The Future is Immunotherapy

Ansell is attracted to immunotherapy in the lymphoma space for many reasons. The biggest reason is that immunotherapy has real value in many different types of lymphoma. He also enjoys studying the biology of lymphoma and understanding how lymphoma cells interact with the immune system, and by doing so, helping to develop treatments that may potentially change patient outcomes. While many patients with lymphoma respond well to therapy, we want to make all subtypes of lymphoma highly curable cancers, he explained.

“We have far more tools to treat lymphoma patients now than we did 30 years ago when I started,” Ansell said. “I’m pleased to see that these new tools are impacting the overall survival of patients. We are seeing trials where the overall survival has clearly improved when we compare the standard treatment to immunotherapy. These results are really pushing the field forward.”

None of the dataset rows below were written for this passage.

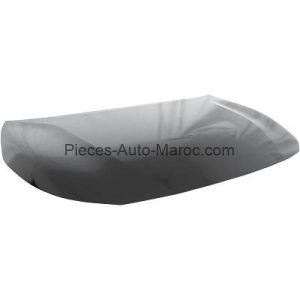 Capot Acier Toyota Corolla Maroc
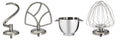 HAMILTON BEACH PLANETARY MIXER 8LT CPM0800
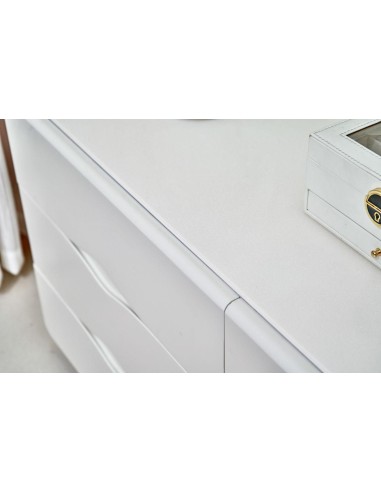 1858 - canapé 3 places envy channel 13b orange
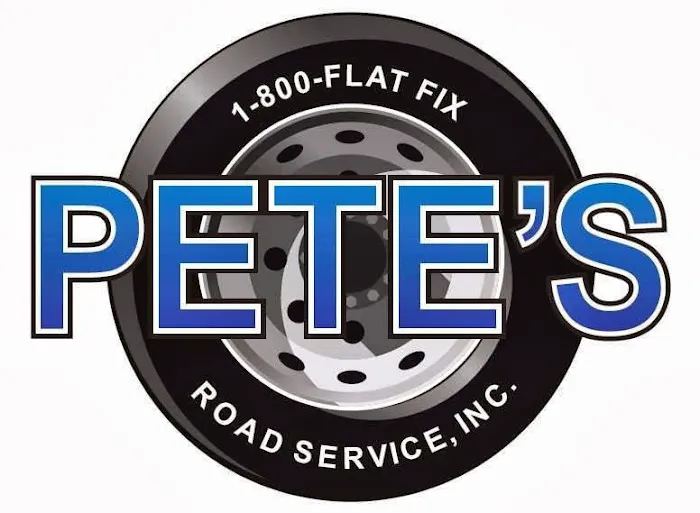 Pete's Road Service, Inc. 7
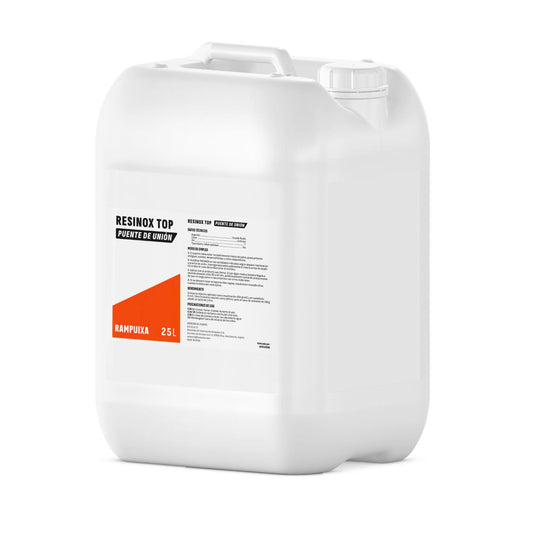 PUENTE DE UNION RESINOX TOP 25L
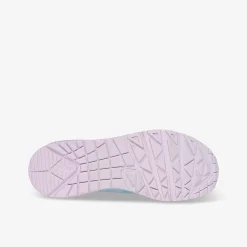 SKECHERS ​ UNO Damen Sneaker Low-Damen Sneaker | Größen Ab 42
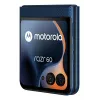 Motorola razr 60 17,5 cm (6,9 palca) Dual SIM Android 15 5G USB Type-C 8 GB 256 GB 4500 mAh modrá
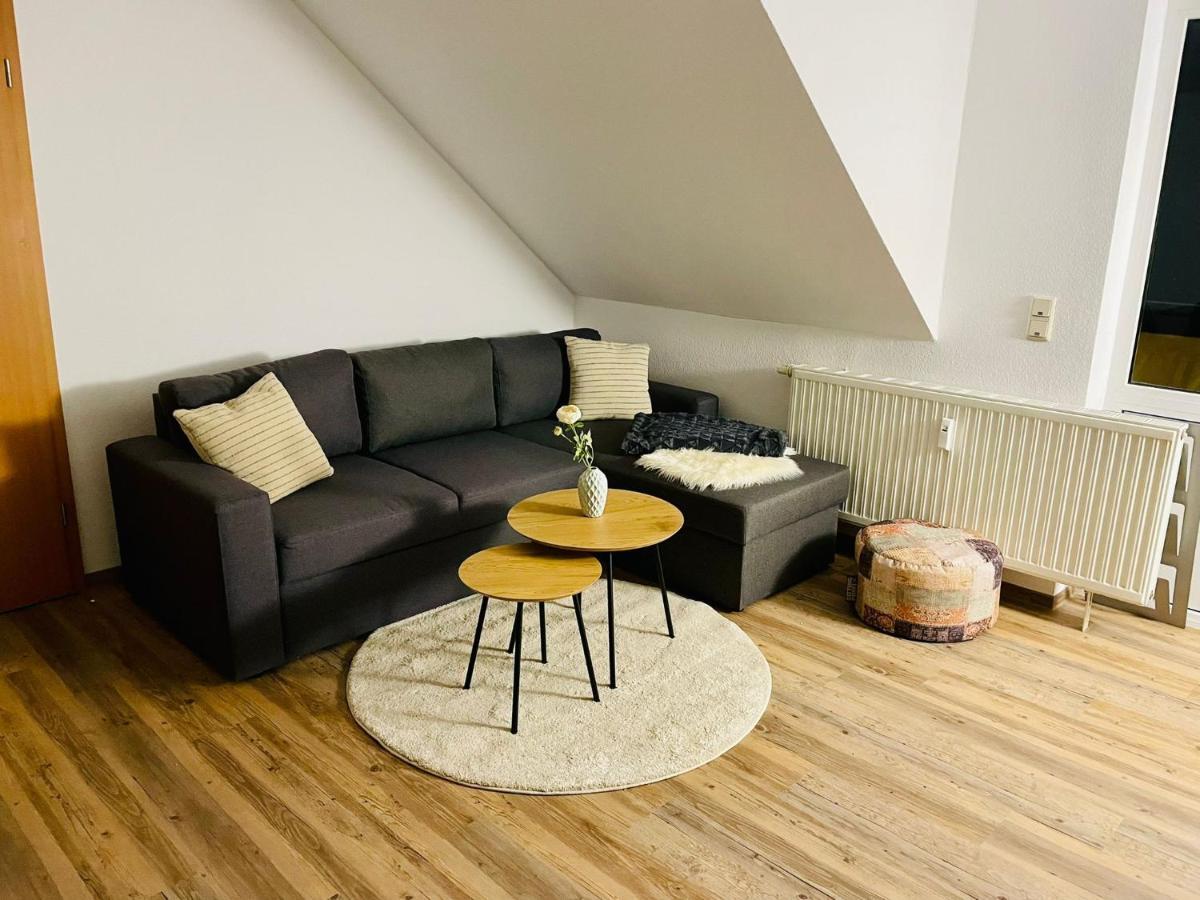 Ferienwohnung Auersbergblick Schönheide المظهر الخارجي الصورة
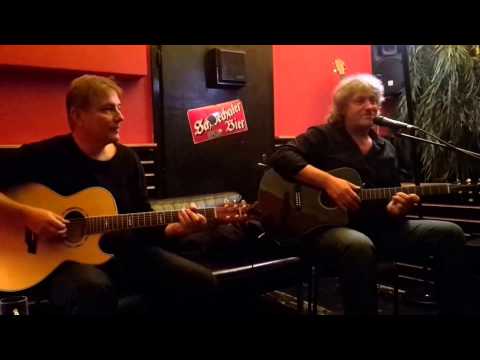 Heli Deinboek & Paul Reschenhofer@U.S.W. 22-10-2015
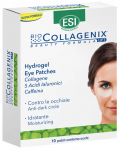 ESI Bio Collagenix Hydrogel paakių pagalvėlės, 10 vnt.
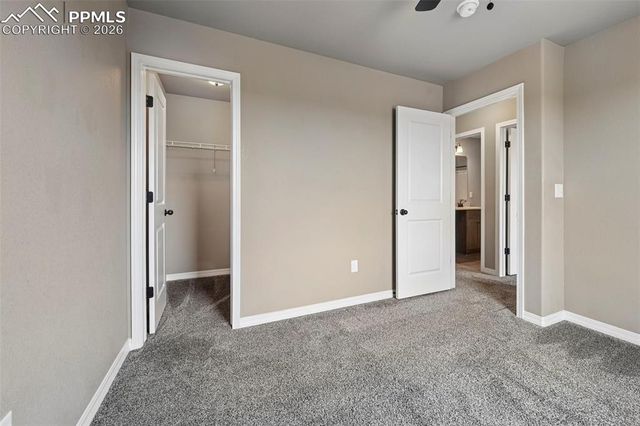 4398 Kaolin Court, Colorado Springs, CO 80938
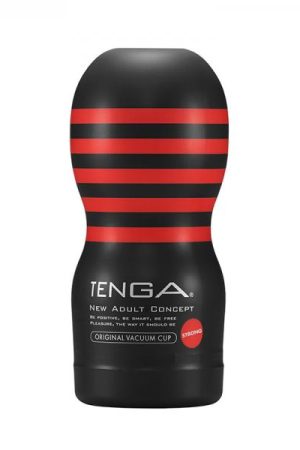 Tenga Original Vacuum Cup Strong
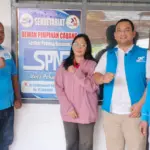 DPP SPN Kunjungi Pekanbaru untuk Perkuat Organisasi Pekerja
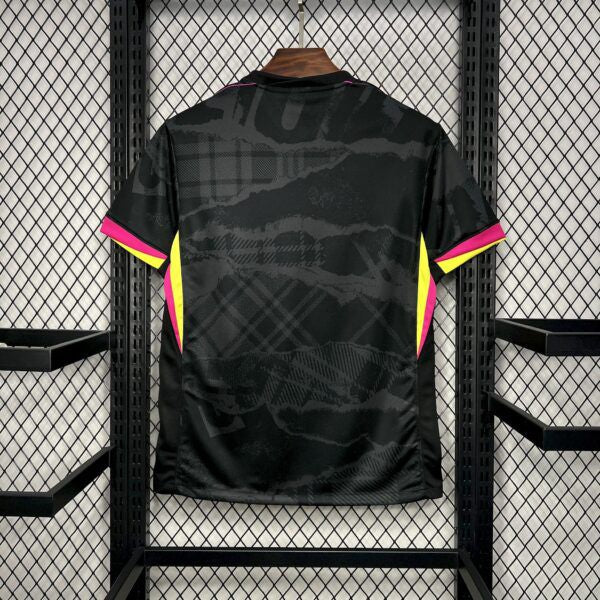 Chelsea Treći (2024/25)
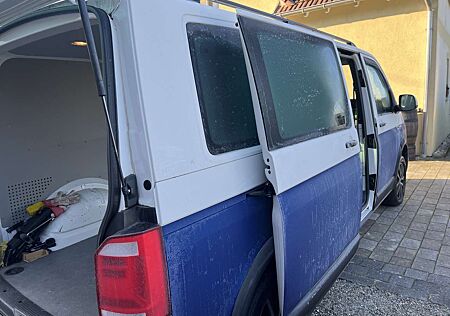 VW T6 Transporter Volkswagen Transporter T6 L2H1
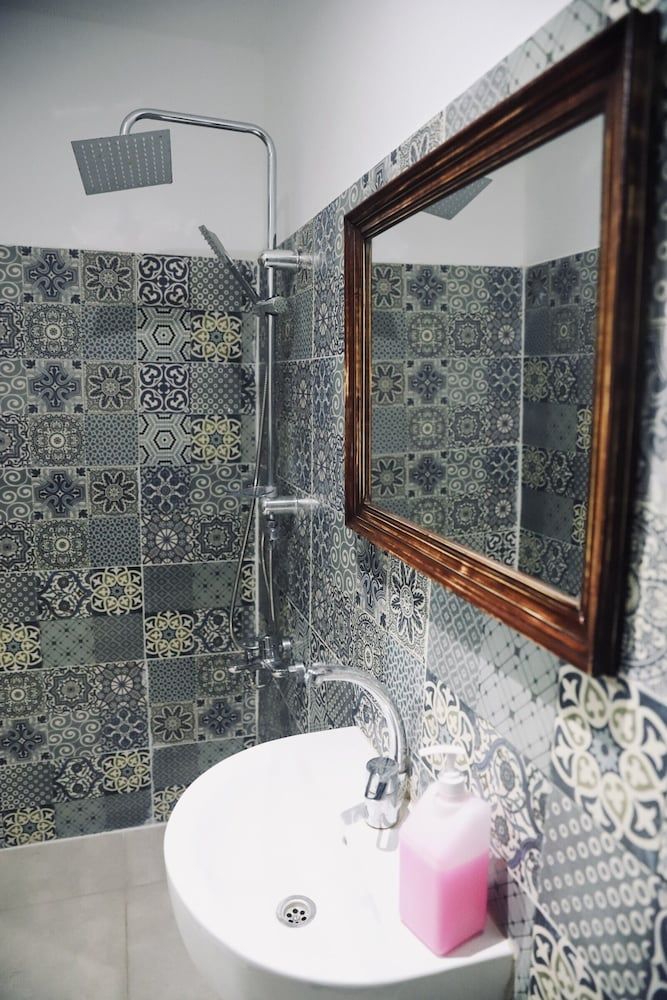 undefined Cairo international Hostel Downtown 10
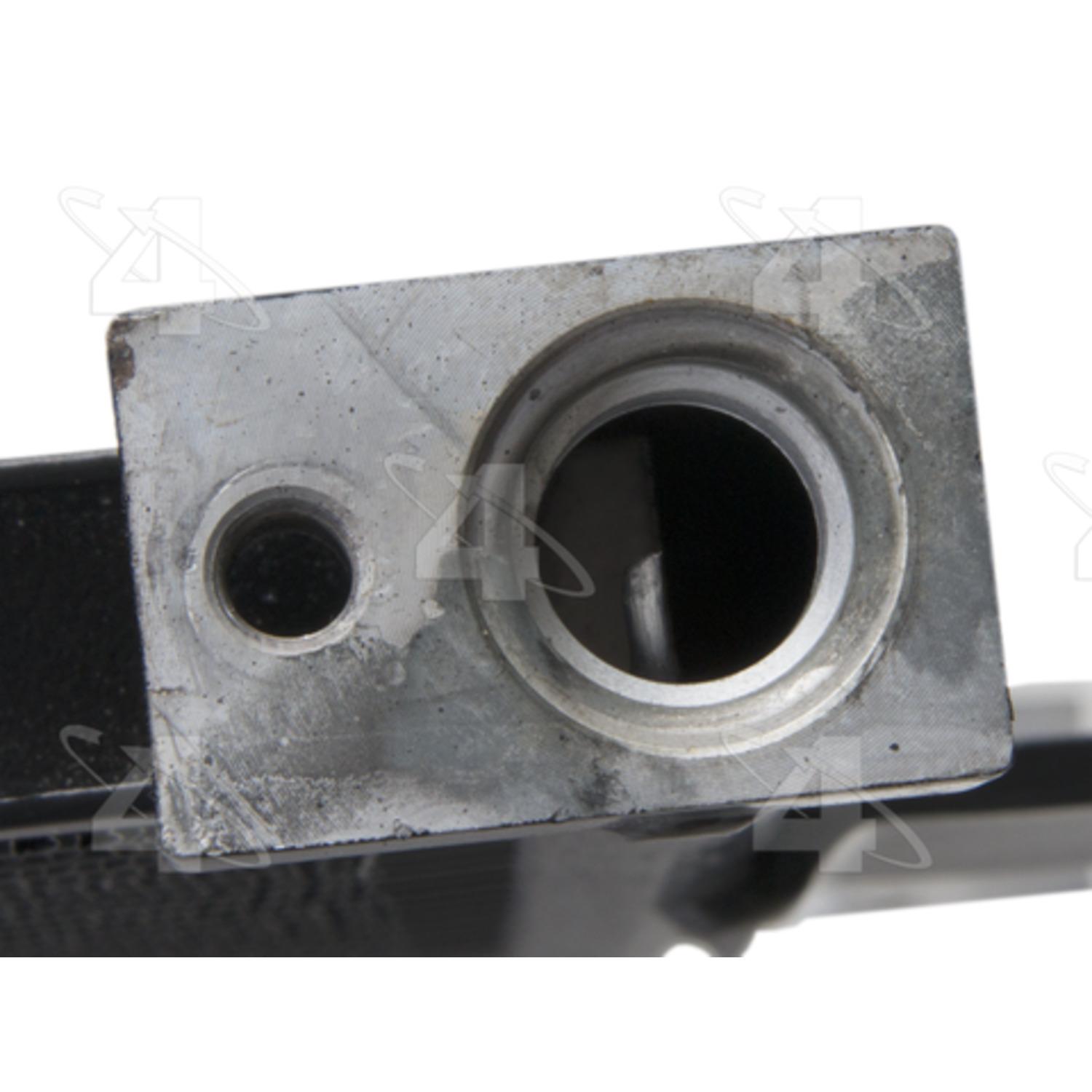 Four Seasons 40852 A/C Condenser product image 3 of 4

1. Ansell S. Harnessing the immune system in patients with lymphoma. Presented at: SOHO 2023; Sept. 9; Houston, TX.
2. Understanding Immunotherapy and Lymphoma. Lymphoma Research Foundation. Accessed July 11, 2023.
3. Rosa K. Liso-cel Induces Statistically Significant Responses in R/R Follicular Lymphoma and Mantle Cell Lymphoma. OncLive. May 1, 2023. Accessed July 11, 2023.
4. Kamdar M, Solomon S, Arnason J, Johnston P, Glass B, Bachanova V, et al. Lisocabtagene maraleucel versus standard of care with salvage chemotherapy followed by autologous stem cell transplantation as second-line treatment in patients with relapsed or refractory large B-cell lymphoma (TRANSFORM): results from an interim analysis of an open-label, randomised, phase 3 trial. Lancet. 2022;399(10343):2294-2308. doi:10.1016/S0140-6736(22)00662-6
5. Locke F, Miklos D, Jacobson C, Perales M-A, Kersten M-J, Oluwole O, et al. Axicabtagene ciloleucel as second-line therapy for large b-cell lymphoma. N Engl J Med. 2022;386:640-654. doi:10.1056/NEJMoa2116133
6. Svoboda J, Landsburg DL, Chong EA, Barta SK, Nasta SD, Ruella M, et al. Fourth generation huCART19-IL18 produces durable responses in lymphoma patients previously relapsed/refractory to anti-CD19 CAR T-cell therapy. Hematol Oncol. 2023;41(suppl 2):35-37. doi:10.1002/hon.3163_6
7. Phase I clinical study of GNC-038 in patients with hon-hodgkin’s lymphoma or acute lymphoblastic leukemia. identifier: NCT04606433. Updated March 15, 2023. Accessed July 16, 2023.
8. A study of GNC-038, a tetra-specific antibody, in participants with R/R diffuse large b-cell lymphoma (DLBCL). identifier: NCT05192486. Updated March 21, 2023. Accessed July 16, 2023.